I've been trying to get our sound framework going on linux and have got stuck. I wondered whether anyone has any experience getting round this problem on linux. It is complicated so excuse the lengthy explanation.
Our sound processing depends on a high-prirority thread running for a short time every 20 milliseconds to push data through the sound processing paths (microphone recording, OpenAL for spatialization, and so on). On linux this approach is not immediately applicable because (*)

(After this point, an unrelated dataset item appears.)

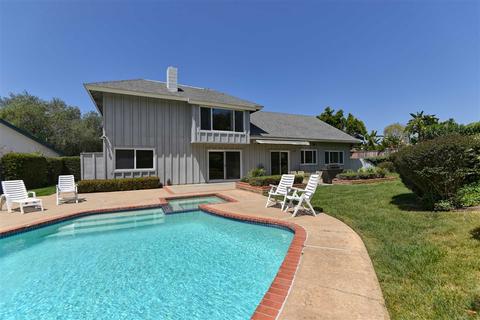 8555 Nottingham Pl, La Jolla, CA 92037 photo 13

a) linux's pthreads implementation does not allow non-superuser programs to create threads with other than the SCHED_OTHER scheduler, and b) linux's pthreads implementation does not support different priorities for the SCHED_OTHER scheduler
and so it is not possible for a non-superuser program to create a thread that runs at a higher priority than any other thread in the process. The approach I've explored so far has been to replace the high-pririty thread with an interval timer, where a timer interrupt is delivered via a signal handler. This approach won't work because it can very easily deadlock. For example there are non-reentrant locks in functions such as tz_convert (used within both localtime and localtime_r) such that if the signal is delivered during a call to localtime, any nested call to localtime, as is made by our logging code, will deadlock. I can avoid deadlock in code under our own control, but not in platform functions such as localtime upon which we depend.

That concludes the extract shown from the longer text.